Thanks, I think I'll go with the stand alone version of Lightroom.


----------



## keebler27

Hi Writer,

I wouldn't jump ship too fast.

Sure, Aperture's development is dead, but the app still works and most likely (no official confirmation) will for another OS version or 2.

It still works for me.

That said, some alternatives are:

LR as mentioned

Capture 1 (apparently very good). Standalone version is approx. $300 I believe

Mylio is another interesting app. Cross platform between Windows & Mac. Not cheap - $50 to $250 billed annually (USD funds so tack on more for CDN I believe).

There are a few others, but those are the big ones.

I'm hanging on for now and hoping Apple adds Aperture-like features or allows third party features for Photos.

This isn't for my business so I do have the luxury of time so I don't know what I'd do if not.

Cheers and good luck,
Keebler


----------



## macfoto

Photos should improve with the next version of OS X as it will support third party extensions. I don't know how it compares to Aperture or Lightroom, but GraphicConverter is a versatile program.


----------



## pm-r

I do very little with any photos but I got an email suggesting a possible Arperature replacement not long ago, called *Emulsion*.

Just a suggestion and I don't use it but available via here:
http://www.macupdate.com/app/mac/54376/emulsion


----------



## IllusionX

Writer said:


> Thanks, I think I'll go with the stand alone version of Lightroom.


Development for CS6 also has halted just like aperture. I would continue using aperture for a while still...


----------



## 50730

IllusionX said:


> I would continue using aperture for a while still...





keebler27 said:


> I'm hanging on for now and hoping Apple adds Aperture-like features or allows third party features for Photos.


Yeah, I think I'll continue using Aperture until it stops working. I will also look into the apps you suggested me. Thank you for the suggestions.


----------



## 50730

macfoto said:


> ...GraphicConverter is a versatile program.





pm-r said:


> ...I got an email suggesting a possible Arperature replacement not long ago, called *Emulsion*.


I'll look into these too, thanks.


----------



## yeeeha

There is the open source darktable. Steep learning curve. But give it some effort to learn the app, the processing result can be slightly better than using Lightroom. I am learning how to use it on and off in the last half a year.


----------



## eMacMan

> There is the open source darktable. Steep learning curve. But give it some effort to learn the app, the processing result can be slightly better than using Lightroom. I am learning how to use it on and off in the last half a year.


Will give this one a try. Have not rebuilt yet the sandbox volume after a recent HD fail. This will give me an excuse to do that. Poor old PS Elements is very long in the tooth but still does the job. 

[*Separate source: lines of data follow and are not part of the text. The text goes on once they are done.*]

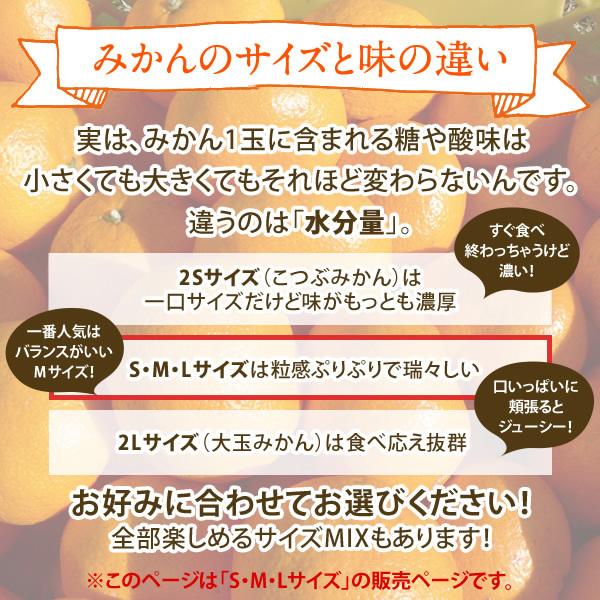 みかん 5kg (S M Lサイズ:早生)甘味と酸味が調和したみかん (出荷:11月下旬-1月)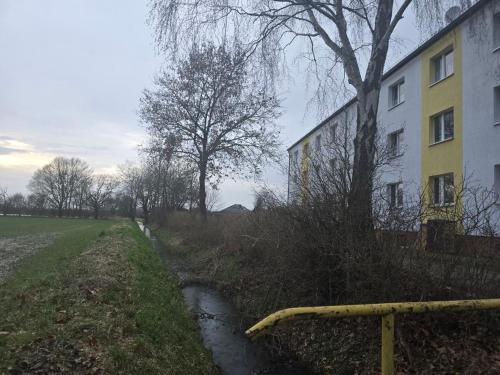 una pequeña zanja frente a un edificio y una calle en Ferienwohnung Marie, 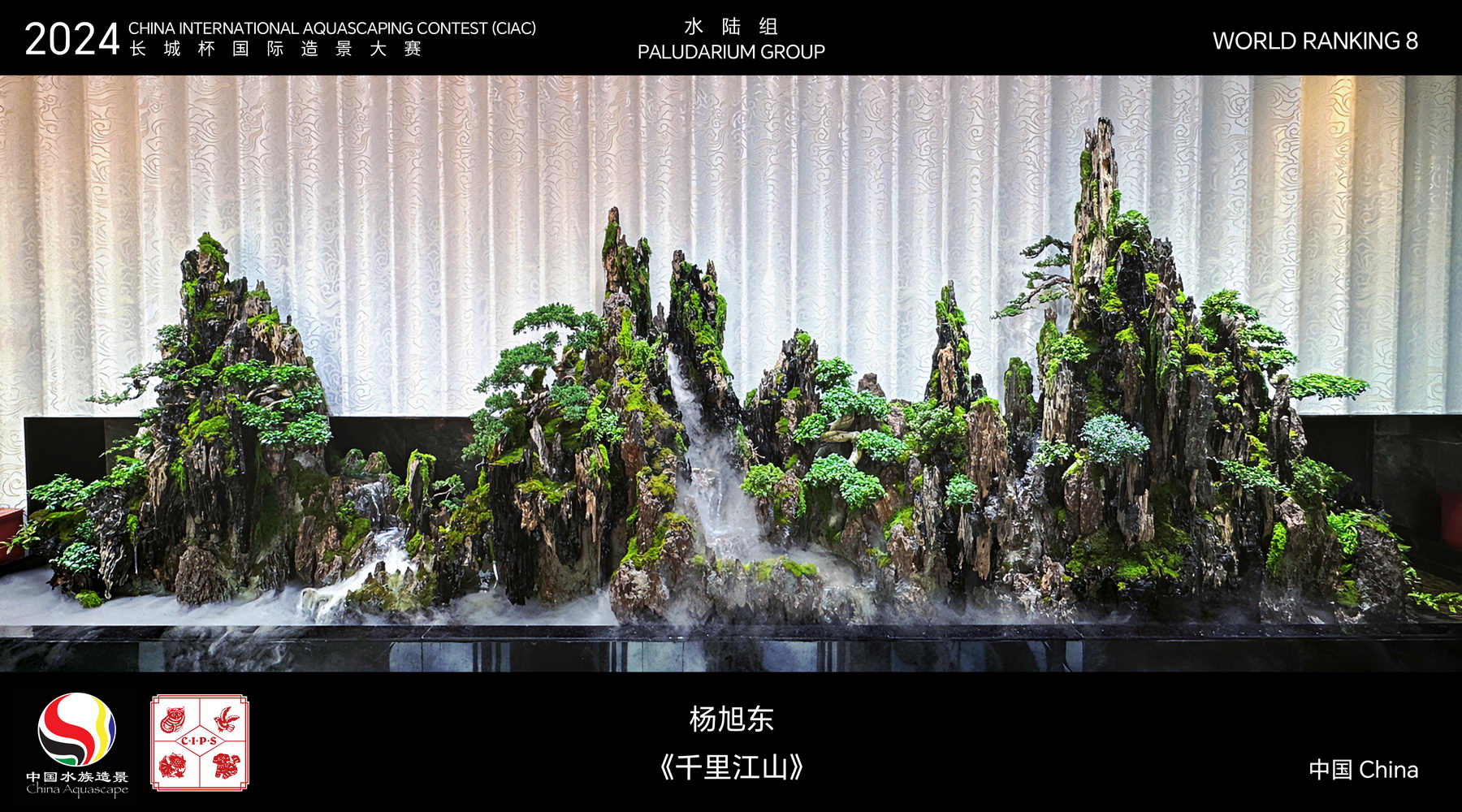 水陆组 Top 08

Sadly other potential replacements require Lion or even Yosemite, and I will be hanging in with Snow Leopard for as long as I can.


----------



## slipstream

Maybe check out the new Affinity Photo https://affinity.serif.com/en-us/photo/ . If their intuitive and powerful Affinity Designer vector drawing app is any indication, especially at that introductory price, Photo looks very interesting.


----------



## Jazzboy

*Photos a disaster*

Made a huge mistake moving my Aperture library into Photos. It somehow corrupted the file, and now when I open Aperture it is empty, my carefully planned categories for my 32,000-odd photos lost, star ratings lost, inability to find the pictures in Finder, inability to edit pictures via Photoshop ... Lightshop, here I come ...


----------



## eMacMan

There is a reason many of us recommend having a tested clone or disk image before tackling such changes. It makes it really easy to get back to the pre-disaster starting point.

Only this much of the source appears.